Description of the task ▸
Of the lines below, copy those that hold the word "Used".
⁂
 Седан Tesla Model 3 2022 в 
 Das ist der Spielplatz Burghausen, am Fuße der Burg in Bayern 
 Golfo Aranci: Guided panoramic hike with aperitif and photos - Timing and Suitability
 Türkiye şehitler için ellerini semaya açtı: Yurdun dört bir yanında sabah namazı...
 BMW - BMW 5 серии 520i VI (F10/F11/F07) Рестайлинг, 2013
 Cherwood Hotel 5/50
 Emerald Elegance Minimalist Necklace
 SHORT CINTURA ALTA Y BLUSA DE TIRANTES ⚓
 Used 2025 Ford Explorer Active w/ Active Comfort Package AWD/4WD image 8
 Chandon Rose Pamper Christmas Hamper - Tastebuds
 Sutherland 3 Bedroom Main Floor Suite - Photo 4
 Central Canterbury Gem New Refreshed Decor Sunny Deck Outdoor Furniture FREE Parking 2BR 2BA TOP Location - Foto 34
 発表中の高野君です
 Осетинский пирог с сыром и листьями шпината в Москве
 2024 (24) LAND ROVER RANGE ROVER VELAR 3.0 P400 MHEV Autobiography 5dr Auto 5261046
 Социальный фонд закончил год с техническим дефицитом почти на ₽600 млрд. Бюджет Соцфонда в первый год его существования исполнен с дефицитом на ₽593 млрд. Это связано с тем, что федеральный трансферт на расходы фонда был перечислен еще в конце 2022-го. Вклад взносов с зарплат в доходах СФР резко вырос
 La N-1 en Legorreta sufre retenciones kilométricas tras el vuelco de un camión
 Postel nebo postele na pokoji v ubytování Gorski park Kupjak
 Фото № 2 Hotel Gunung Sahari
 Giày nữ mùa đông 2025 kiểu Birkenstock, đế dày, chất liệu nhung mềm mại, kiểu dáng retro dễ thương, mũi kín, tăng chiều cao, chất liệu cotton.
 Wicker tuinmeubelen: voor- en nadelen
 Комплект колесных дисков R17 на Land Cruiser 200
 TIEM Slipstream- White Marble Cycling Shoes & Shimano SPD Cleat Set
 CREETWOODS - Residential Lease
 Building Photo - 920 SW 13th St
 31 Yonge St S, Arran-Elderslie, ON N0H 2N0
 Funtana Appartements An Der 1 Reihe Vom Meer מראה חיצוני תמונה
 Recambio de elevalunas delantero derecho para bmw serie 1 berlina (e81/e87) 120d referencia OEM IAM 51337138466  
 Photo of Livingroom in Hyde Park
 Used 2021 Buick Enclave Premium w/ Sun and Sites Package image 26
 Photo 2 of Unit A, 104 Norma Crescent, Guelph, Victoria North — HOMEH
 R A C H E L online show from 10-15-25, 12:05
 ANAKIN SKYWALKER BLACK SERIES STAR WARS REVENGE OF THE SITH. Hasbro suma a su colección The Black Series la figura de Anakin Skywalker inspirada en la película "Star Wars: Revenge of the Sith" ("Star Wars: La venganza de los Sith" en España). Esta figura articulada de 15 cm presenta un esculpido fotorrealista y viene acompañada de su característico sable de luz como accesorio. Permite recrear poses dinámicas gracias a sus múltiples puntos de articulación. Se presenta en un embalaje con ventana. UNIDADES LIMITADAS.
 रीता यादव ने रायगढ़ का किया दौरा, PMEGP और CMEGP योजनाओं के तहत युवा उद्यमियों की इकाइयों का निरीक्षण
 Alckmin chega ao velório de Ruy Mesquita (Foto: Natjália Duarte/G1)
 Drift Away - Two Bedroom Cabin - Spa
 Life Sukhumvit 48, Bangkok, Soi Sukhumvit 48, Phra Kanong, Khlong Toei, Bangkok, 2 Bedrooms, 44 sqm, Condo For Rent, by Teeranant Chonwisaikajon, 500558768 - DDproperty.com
⁂
Answer for the task ▸
 Used 2025 Ford Explorer Active w/ Active Comfort Package AWD/4WD image 8
 Used 2021 Buick Enclave Premium w/ Sun and Sites Package image 26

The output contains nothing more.